Австралия — Terra Incognita: Когда звери еще были людьми | страница 60




Сидней Майер (1878–1934)


Джонс не только накормил путника, но и предложил переночевать в одной из пустующих комнат своего отеля. Когда Майер снял обувь, Джонс пришел в ужас от вида покрытых волдырями ног гостя и побежал за водой и бинтами. На следующее утро он проводил Майера, не взяв с него денег.

Прошло немало лет, и история эта получила продолжение. Шли годы тяжелой экономической депрессии. Сидней Майер к этому времени уже был известным бизнесменом, которому принадлежали крупные магазины. Как-то, идя по одной из центральных улиц Мельбурна, он обратил внимание на понуро стоящего пожилого человека с отрешенным взглядом. Лицо человека показалось Майеру знакомым. Обладая хорошей памятью, он тут же вспомнил. Это был Джонс, тот самый Джонс, который когда-то так сердечно отнесся к нему, полунищему иммигранту. Теперь дела Джонса шли плохо, отель был продан, а сам он с женой приехал в Мельбурн в надежде найти хоть какую-нибудь работу для пропитания. Майер остановился. «Не узнаете меня?» — спросил он. «Если бы я был знаком хоть с одним джентльменом, одетым, как вы, я бы не стоял сейчас здесь», — ответил тот. Майер повел Джонса в свой магазин, вызвал управляющего и распорядился: «Предоставить этому человеку работу на всю жизнь… Он уйдет отсюда только по собственному желанию…»

Возможно, что время и человеческая память привнесли в эту историю определенную долю фольклора и сентиментальности, но образ героя от этого не меняется — он был отзывчивым человеком и помнил добро…

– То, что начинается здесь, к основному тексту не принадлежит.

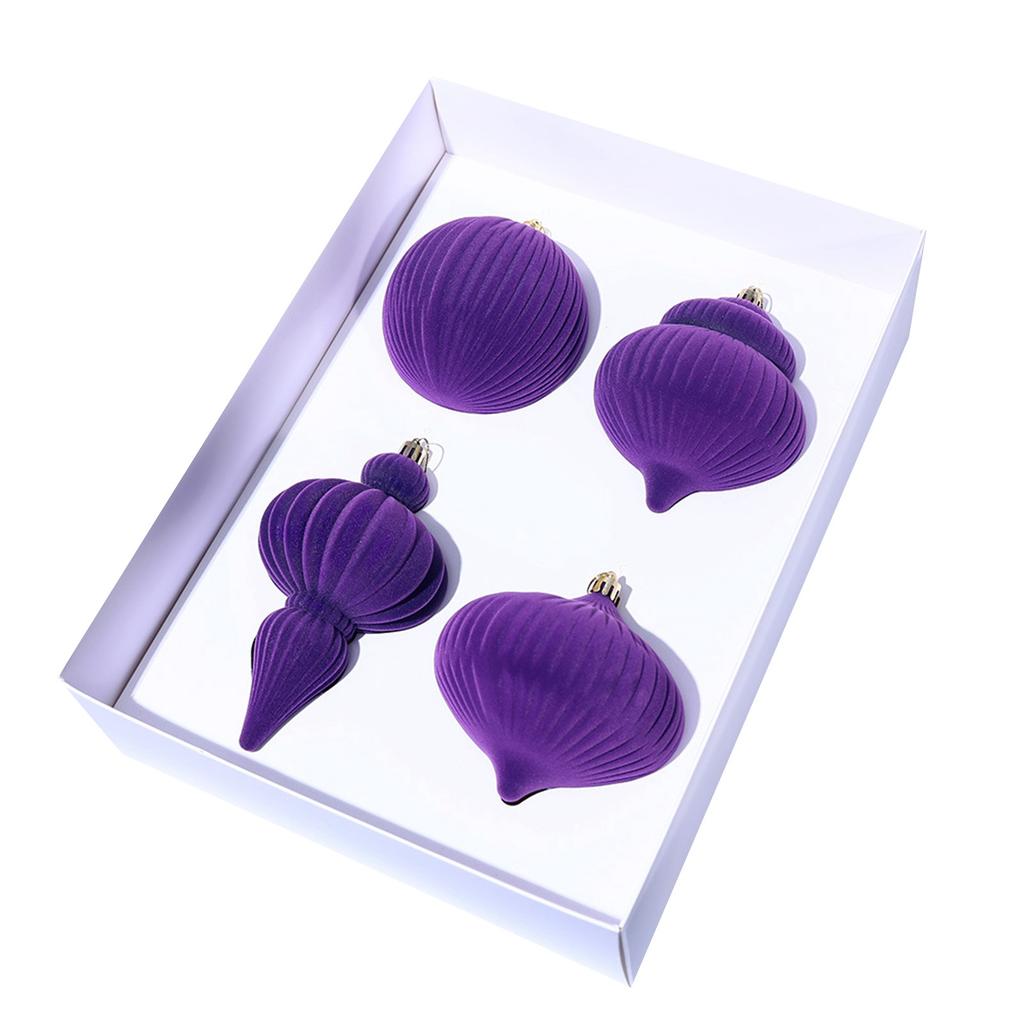 4 Stück Weihnachtskugeln Weihnachtsbaumschmuck Weihnachtsdekoration Christbaumkugeln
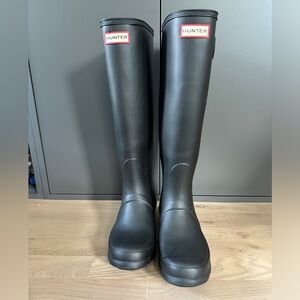 Tall Black Hunter Boots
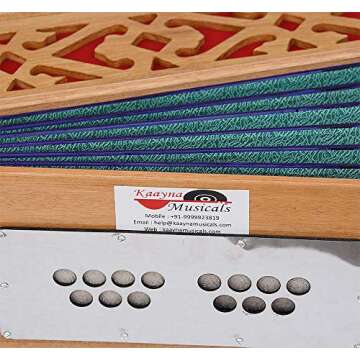 Kaayna Musicals Harmonium Pro Grade 3½ Octaves, 11 Stop
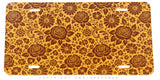 Floral Pattern Grunge 70s 80s Style Auto Metal License Plate - OwnTheAvenue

Вернемся, однако, к хронологии событий. Бендиго — где братья арендовали помещение и начали свое дело, был полу-сельским австралийским городком. Торговые дела у Сиднея шли неплохо, но в глубине души он часто ощущал гнетущее одиночество. Он живет в Австралии уже четыре года, но не до конца понимает эту страну. Демократия, свобода слова, терпимость… Эмигранту из России, пережившему погромы и человеческое унижение, все это кажется не совсем реальным.

Загадочно устроена человеческая память: плохое она старается забыть, хорошее — сохранить. Как позднее вспоминала дочь Майера, отец любил петь русские народные песни. В детстве она часто слышала от него «Дубинушку» — песню волжских бурлаков. Вообще, надо сказать, что Майер никогда не забывал о своем происхождении, и любой приехавший русский находил у него поддержку[24].

Будучи с детства оторванным от земли (в России в то время евреи не имели права владеть землей), он, в отличие от австралийцев, не чувствует себя уютно в полусельском городке на природе. Его стихией был большой город, а призванием — бизнес. В такие минуты он впадал в глубокую депрессию.